GRANDFATHER
I look above, as the trees sway round,
thinking somehow there, someplace, my answer
would be found - the comfort come; I would
need to know what had to be done. Why do I
suffer so I thought and always alone without
comfort or touch?
And then my Grandfather came to me. He
reached out and touched my heart and spirit
with kindness, love, and sympathy. He held
my spirit close to his, for he remembered a pain
such as this.
But we spun in time, and he was young, a
Cherokee man with a war to be won. But
not one he could fight for his people. They
sent him away from the land of his birth to
fight for another people; in his mind, he
always felt the pain of those left behind.

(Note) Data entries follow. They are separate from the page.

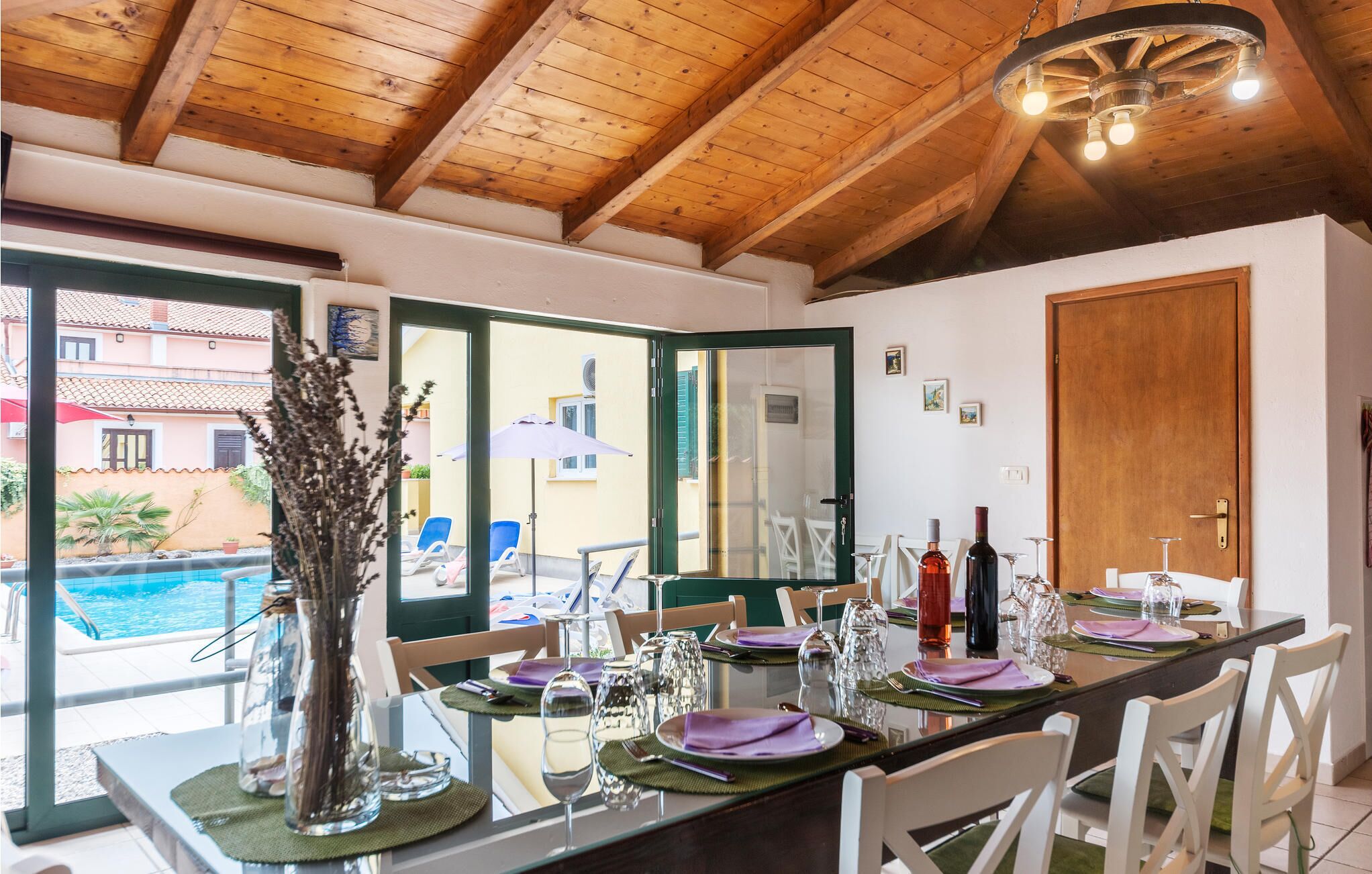 Un comedor con techo de madera, vista a la piscina y una mesa preparada para cuatro personas, con copas de vino y platos.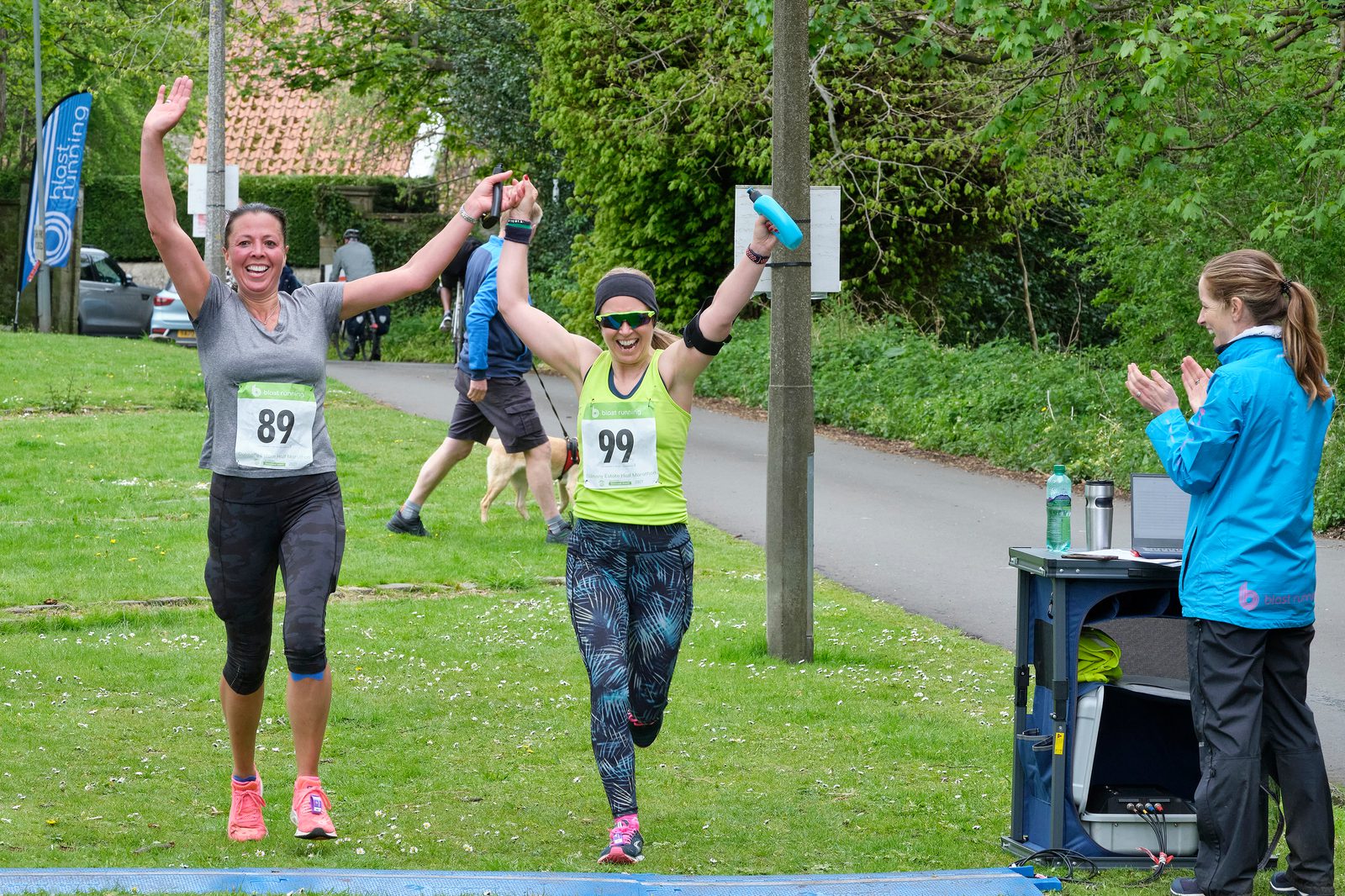 Two women cross the finish line of a race, holding hands and raising their arms in celebration. They wear race bibs numbered 89 and 99. A person in a blue jacket stands to the side, clapping. The background features greenery and a few other participants.
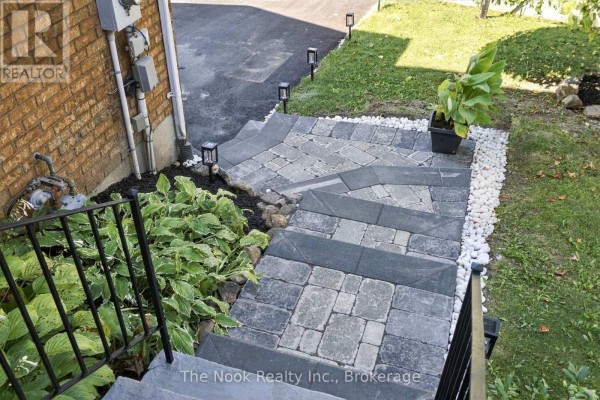 View looking down paved stone stairs and walkway to the driveway of a townhouse. - 38 Galbraith Court, Clarington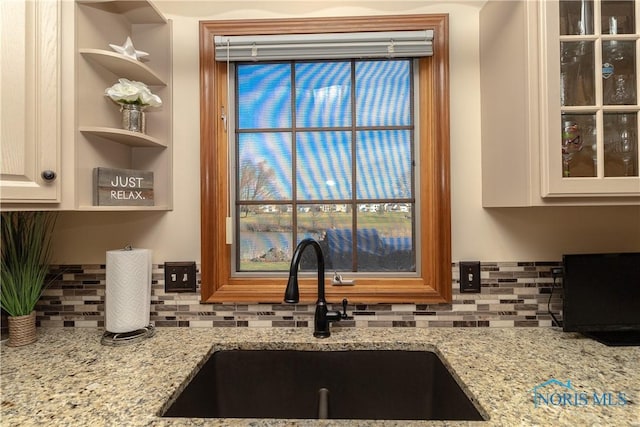 kitchen with decorative backsplash, light stone counters, and sink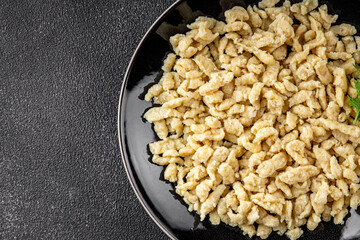 spaetzle egg pasta irregular shape fresh meal food snack on the table copy space food background rustic top view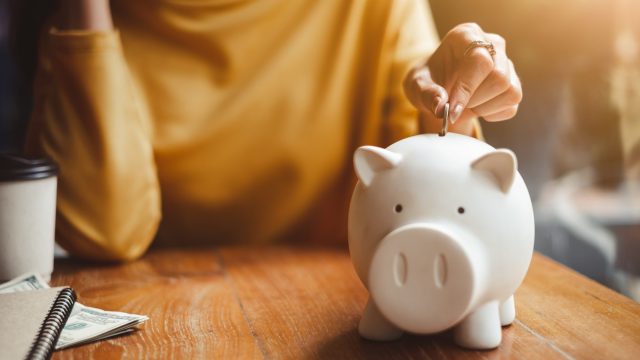 Woman Putting Coin In Piggy Bank On Table At Home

The ones who died along the Trail; the ones
he somehow felt he failed. As he stood upon
that foreign soul, it was World War I. The
scenes of death and despair - the young man
now carried something heavier to bear.
Home, alive but never free. For he was still
Cherokee. A farm he worked, life of the land. Somehow
seeing the new life sprout forth, helped heal those
thoughts of death and of things much worse.
He raised a family 9 children in all, had a good
wife. He rose each day before the dawn and
did not return home till the work was done.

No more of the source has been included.